Background: Lung transplantation is an established treatment for end-stage bronchiectasis. A proportion of patients with bronchiectasis have an associated antibody deficiency. This group benefits from immunoglobulin replacement therapy, but the outcome of lung transplantation is not known.
Methods: We conducted a retrospective observational study of all who received a transplant for bronchiectasis at our unit. We compared the survival after transplant, number of infective and rejection episodes, and the change in forced expiratory volume in 1 second (FEV1).
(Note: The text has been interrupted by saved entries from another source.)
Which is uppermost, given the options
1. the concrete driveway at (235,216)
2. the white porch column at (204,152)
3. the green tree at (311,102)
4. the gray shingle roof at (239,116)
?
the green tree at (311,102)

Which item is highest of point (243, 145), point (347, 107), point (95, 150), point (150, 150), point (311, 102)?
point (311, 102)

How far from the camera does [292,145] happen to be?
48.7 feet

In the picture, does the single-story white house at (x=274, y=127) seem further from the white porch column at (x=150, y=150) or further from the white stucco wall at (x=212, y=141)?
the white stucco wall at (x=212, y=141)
Results: Five of the 37 patients identified with bronchiectasis had an antibody deficiency that required immunoglobulin replacement therapy. Actuarial survival was similar in the 2 groups, being 81% at 12 months in the Bronchiectasis Group and 80% in the Antibody Deficiency Group. The FEV1 at 12 months after transplantation was similar in each group, with a predicted mean +/- SD FEV1 of 83.7% +/- 24.2% in those with bronchiectasis and 83.0% +/- 30.4% in those with antibody deficiency as well. The infection and rejection rates in the first year after transplantation were lower in the Antibody Deficiency Group. Infection episodes per 100 patient-days for bronchiectasis alone were 0.90 vs 0.53 and rejection episodes per 100 patient-days were 0.59 vs 0.24.
Conclusions: There was no evidence that transplant recipients with bronchiectasis and antibody deficiency have a worse prognosis than those with bronchiectasis alone.